Não obstante, há sempre um descompasso latente entre a arte-emanação e seu tempo histórico. A história como ingrediente impregnou a arte com os sentidos da semeadura, afastada da lógica ingênua dos ‘lançamentos’ e ‘estreias’: semeia-se para depois brotar.

Não por acaso, todos os ‘ismos’ históricos reveladores de movimentos estéticos emergiram no terreno do estranhamento para depois virar linguagem. Expressionismo, cubismo, realismo… Todos esses rótulos eram quase um deboche quando seu surgimento reverberou nas pias batismais da crítica. 

Décadas depois, os rótulos virariam chaves reais de acesso ao real da significação estética, nos desdobramentos espontâneos da linguagem e da história que acabam por regularizar a soberba da nomeação obsessiva. 

Lavoura Arcaica habita esse universo estético que desafia o tempo. Permanece inclassificável e indomesticável. Desafia quem se aproxima, desintegra enquadramentos simplistas, abre interlocução perturbadora e permanente com as percepções atentas que se dispõem a explorar suas sobreposições de mundo.

Não atende a modismos, tendências, movimentos. É manifestação direta, emanação corpórea que repele as próprias convenções gramaticais ao tensionar memória e desejo, paixão e reflexão, palavra e tempo. 

Sua força não reside em narcisismos autorais – ela estilhaça a função-autor, atravessada pelo discurso-vertigem de André, que, por sua vez, nos ‘sequestra’ para uma experiência-limite de viver o que ali é vivido –, mas na universalidade dos gestos e na recomposição da experiência de mundo, quase infantil (as formas, as plantas, o alimento, a terra, o cheiro, a luz). 

Lavoura é uma experiência única, um divisor de águas – se se deixar sua brutalidade anticonvencional perfurar nossas bem comportadas expectativas. 

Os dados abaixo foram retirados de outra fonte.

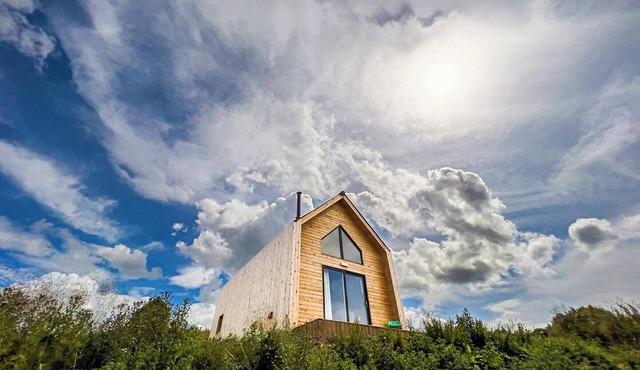 Glamping made easy near Kielder: eco design, family fun, and endless stars.
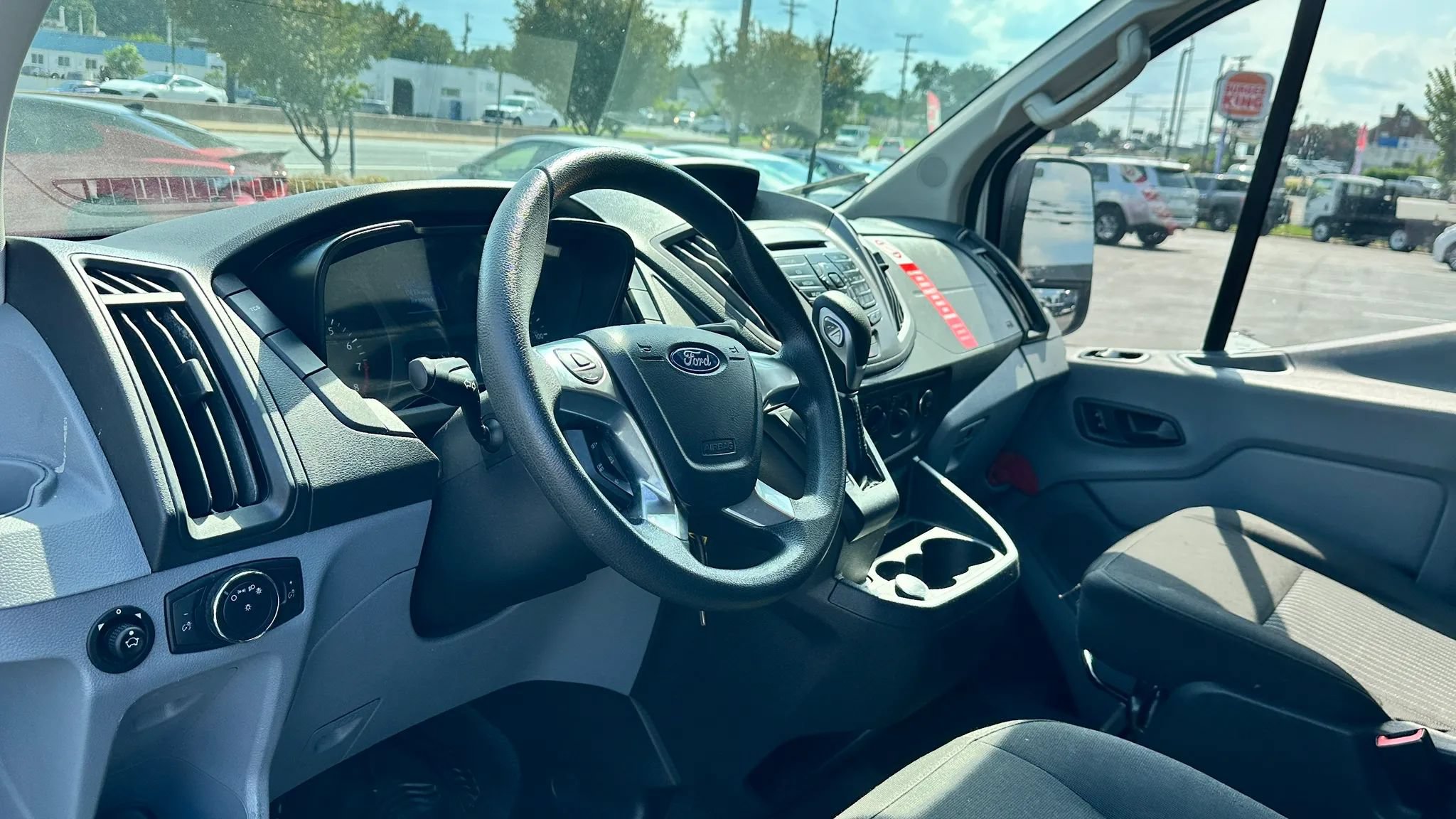 Used 2019 Ford Transit 350 XLT RWD image 6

Seu enquadramento histórico e seu entorno fundador – igualmente indomesticáveis – também participam de sua experiência presente: quando publicado por Raduan Nassar, em 1975, o livro incomodou leituras previsíveis e bem comportadas. Assim como o filme, lançado em 2001. 

Eram ambos sementes. 

Foi preciso o tempo para que tais experiências narrativas fossem minimamente absorvidas. Curiosamente, o livro ‘brotou’ pela ação do tempo, mas também pela ação do filme, que nos obrigou a todos a ler e reler a, então, obra-prima de Raduan. O filme de Luiz Fernando Carvalho foi a chuva atrevida – película líquida – que se juntou à terra semeada e raduânica – o texto cravado no papel. 

O universo de Lavoura Arcaica é, portanto, muito maior que o livro e o filme, além de ser os dois: é um universo que compreende as vivências e os desejos que permearam e continuam a permear a existência da obra. 

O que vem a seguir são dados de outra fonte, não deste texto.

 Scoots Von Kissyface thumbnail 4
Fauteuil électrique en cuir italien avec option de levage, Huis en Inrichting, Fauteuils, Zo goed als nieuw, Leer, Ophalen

Não é por acaso que o filme de Luiz Fernando Carvalho, a despeito dos prêmios conquistados mundo afora, também habita o significado de ‘semente’. 

Para a nossa singular felicidade, o ‘brotamento’ deste marco do cinema mundial está diante dos nossos olhos presentes. 20 anos depois de sua chegada às telas do cinema, o filme Lavoura recebeu sua chuva: o Brasil ferido de morte pela sanha neoliberal estruturada em colapso dos sentidos e, portanto, da linguagem. 

Nós nunca precisamos tanto de Lavoura Arcaica. Nosso despedaçamento diante da dor provocada por nossas elites violentas requer um encontro com o despedaçamento de André, com o oratório de uma revolta lírica represada que explode e retorna delicadamente ao âmago das lembranças que nos tornam humanos.  

Muito se diz, nesses tempos tão ferozes, que a arte é o único caminho que nos restou para reencontrar a delicadeza e a passagem ao ato – o ato político de reverter o horror que tem condenado o Brasil a uma regressão interminável. 

A força de Lavoura Arcaica enquanto obra universal – que, no entanto, consagra uma experiência tão brasileira no seio de uma família de imigrantes e sua relação com a língua e com a terra –, é inequívoca. Mais ainda sua força enquanto obra política – que nos retira da mesmice discursiva mantenedora da escravidão leitora e cognitiva. 

É hora de colher os sentidos para ressemear a terra.